General characteristics
- Class & type: Supply class
- Displacement: 48,800 long tons (49,600 t)
- Length: 754.6 ft (230.0 m)
- Beam: 107 ft (33 m)
- Draught: 39 ft (12 m)
- Installed power: 105,000 hp (78 MW)
- Propulsion: four General Electric LM 2500 gas turbine engines, Two Propellers
- Speed: 26 knots (48 km/h; 30 mph)
- Complement: 176 civilians, 59 military
- Aircraft carried: Two CH-46E Sea Knight or MH-60S Seahawk helicopters

= USNS Arctic =

Supply-class fast combat support ship

USNS Arctic (T-AOE 8), formerly USS Arctic (AOE-8), is the third ship in the Supply class of fast combat support ships and is the fifth supply ship to carry the name of the region surrounding the North Pole.

Arctic was built by National Steel and Shipbuilding Company in San Diego, California.

Since decommissioning on 14 June 2002, Arctic has been operated by the Military Sealift Command, homeported in Earle, New Jersey.

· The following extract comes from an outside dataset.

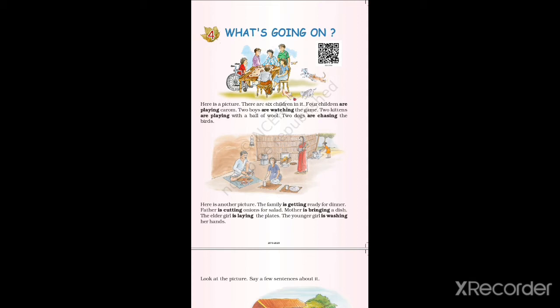This is a picture about a family getting ready for dinner. Father is cutting onions for salad. Look at that mother wearing a red sari — mother is bringing a dish for dinner. Do you see that little girl standing behind the mother? She is washing her hands for dinner. And the girl who is sitting there with a blue frock, she is laying the plates for dinner.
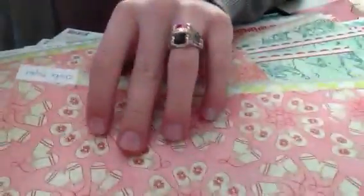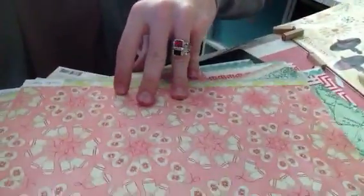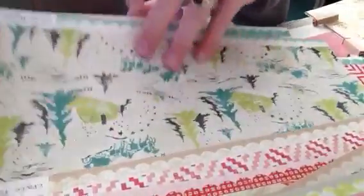No joke, you guys — look at this! Little mittens, so cute, and the backside is green. This is the Sleigh Ride collection by Crate Paper. I'm just in love with this collection — I think it is absolutely adorable, I just love it. It has such cute patterns. So make sure to pick up some Sleigh Ride collection from Crate Paper if you go over to the store.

As a U.S. Naval Ship, Arctic is mostly civilian crewed and no longer carries the weapons systems she previously (as USS Arctic) was equipped with. One of these systems was the Phalanx CIWS.

Arctic has the speed to keep up with the carrier strike groups. She rapidly replenishes Navy task forces and can carry more than 177000 oilbbl of oil; 2,150 tons of ammunition; 500 tons of dry stores; and 250 tons of refrigerated stores. She receives petroleum products, ammunition, and stores from shuttle ships and redistributes these items simultaneously to carrier strike group ships. This reduces the vulnerability of serviced ships by reducing alongside time.

Like other fast combat support ships, she is part of MSC's Naval Fleet Auxiliary Force.

USNS Arctics cargo capacities:
- Diesel Fuel Marine (DFM): 1,965,600 USgal
- JP-5 fuel: 2,620,800 USgal
- Bottled gas: 800 bottles
- Ordnance stowage: 1,800 tons
- Chill and freeze stowage: 400 tons
- Water: 20,000 USgal

USNS Arctics refueling rigs can pump fuel at a rate of 3,000 USgal per minute.

==US Army helicopter crash==
On October 22, 2009, a United States Army UH-60 Black Hawk helicopter from the 3rd Battalion, 160th Special Operations Aviation Regiment crashed into the ship during a joint training exercise involving fast roping about 20 mi off Fort Story, Virginia. The crash killed a soldier, Staff Sergeant James R. Stright, 29, and injured eight other service members.